Almost all of Kelly’s friends had been pregnant and unmarried. All decided to have abortions; none seriously considered having the child. Mary Tomkovich’s abortion was in 1977 when she and Kelly were each 22 years old. Mary lived with a jazz musician in a studio in Carmel Valley. He was like a child. He assured her everything was all right when everything wasn’t all right. A big, strong woman, still Mary had cried after it was over. But the bad feeling — that the baby had been ripped out of her — didn’t last long.
That night Mary and Kelly went to dinner in Encinitas, at the Shepherd. They talked about things other than the abortion. They joked and laughed. To Kelly, Mary’s abortion wasn’t a big thing. That a frequently bitter national controversy raged over a 1973 Supreme Court decision — which nearly completely unfettered women from legal restrictions to obtain abortions through the first six months of pregnancy — hardly made a dent in Kelly’s consciousness.
Robin underwent her second abortion in 1979. She didn’t know whether the father lived in Hawaii or California. The first abortion had been physically painful. During Robin’s second abortion, performed by a North County gynecologist, as she lay on the metal examination table, she tried to get up and walk away. The nurse held her hand and said relax, that she had already made her decision to have one. Kelly paid scant attention to Robin, when after the second abortion Robin continually questioned social mores — why couldn’t she have a baby and not be married? Even in 1981, when Linda Covici — an artist friend from Carlsbad — had her abortion, Kelly intellectually understood that her friend needed support, but Kelly talked with her about the decision more from duty than emotional empathy.
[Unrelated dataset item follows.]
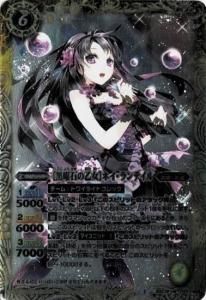 6ڥCBSC18-027ιФβϥͥƥM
Abortion was just a thing people did when they got pregnant.
Kelly’s pregnancy, however, wasn’t an isolated crisis in her life. She had undergone surgery in early April for an ovarian cyst, but her whole ovary was removed. For three months following, she was depressed. She had given up her home in Solana Beach because with the surgery she couldn’t work and thus couldn’t afford the rent. Being forced to live again in Del Mar with her mother and father only made her feel worse. I did what I could to support her during that period — I cooked for her, I loaned her money, I spent a lot of time sitting with her inside the house. I should say I also intensely felt the loss of her ovary. In reaction, in fear of losing my own health, I began to run five to ten miles daily.